Can it ever keep pace with technological change? Or simply with the change that the risk market’s it focuses on are undergoing?

The consultants currently ensconced at Lloyd’s are going to do their best to deliver “one change program to rule them all,” as one Lloyd’s underwriter said to me.

That’s a significant challenge, but one we’ll hear a lot more about in the next fortnight when the awaited blueprint emerges.

But back to the title of this missive.

Does Lloyd’s even need to exist?

I’ve actually struggled to find anyone who can fully convince me that if Lloyd’s as a concept disappeared tomorrow the capacity it provides wouldn’t be swiftly replaced through corporate re/insurers, or the same underwriting teams & capital providers from new, independent locations.

But still others swear Lloyd’s will never die, although in the main they all struggle to explain why that should be the case.

It’s almost as if the concept of Lloyd’s itself has become more important than its functionality, especially to London of course. As a result it’s future is a contentious topic, but one that needs to be considered.

Over and over again Lloyd’s tries to reinvent itself.

But it’s always without actually changing the overarching concept of Lloyd’s.

It often seems more about saving rather than revolutionising itself.

Which is a shame, as there are clear signals that embracing openness, transparency, capital markets and technology, to create new valuable market chains that allow risks within Lloyd’s to flow out, or risks/capital outside to flow in, would be a clear winner for the market.

This has been the case for two decades or more and enough times the subject has been broached, with little to no real uptake.

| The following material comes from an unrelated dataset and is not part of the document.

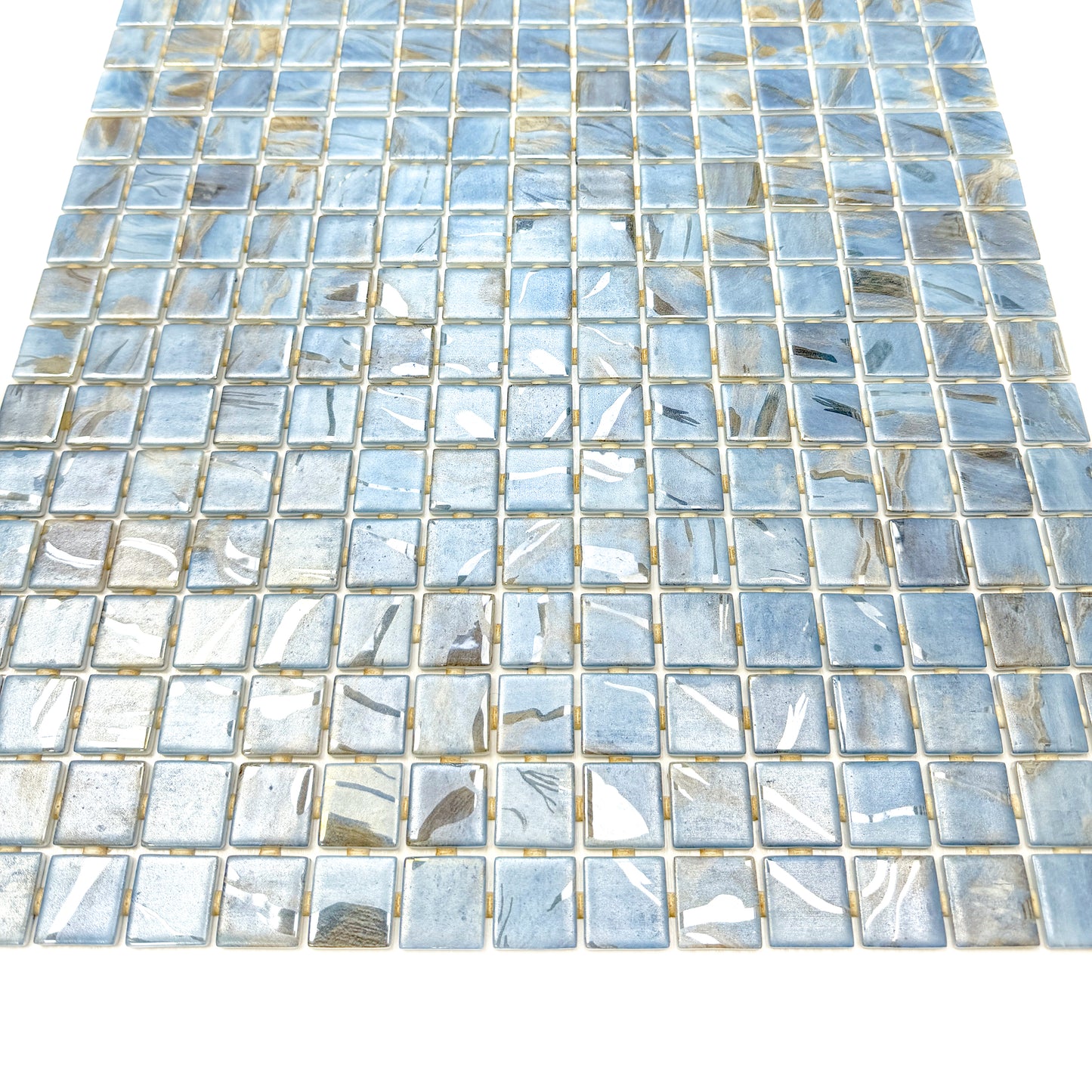 Spanish Mosaic Series Sky Blue &Baby Blue & Earthy Brown Streaks And Swirls Texture  Recycled Glass Mosaic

It is clear though, that expensive EC3 real estate is not really required to support a truly modernised vision of Lloyd’s.

So… Virtualise Lloyd’s?

Allow the underwriting experts to participate from wherever they like. WeWork is all the rage I hear…

Sustain the central fund, oversight and a set of rules in one fully regulated form or another, as the buffer(s) within and around the system.

But allow risk transfer interfaces (technology) to connect to participants and the risk pool, bringing risk/capital into and out of the market more efficiently.

Allowing the capital to attach to those flows however the heck it likes.

Lloyd’s would become some sort of fee generating business then, a virtual regulated marketplace, connecting risk and capital, while renting out its central security.

But is that even Lloyd’s any more? Well it’s kind of what it does today, minus the legacy, building, lunches and all those people.

But without all that legacy has the concept of Lloyd’s just been thrown away entirely?

Which leads me to ask again. Does Lloyd’s even need to exist?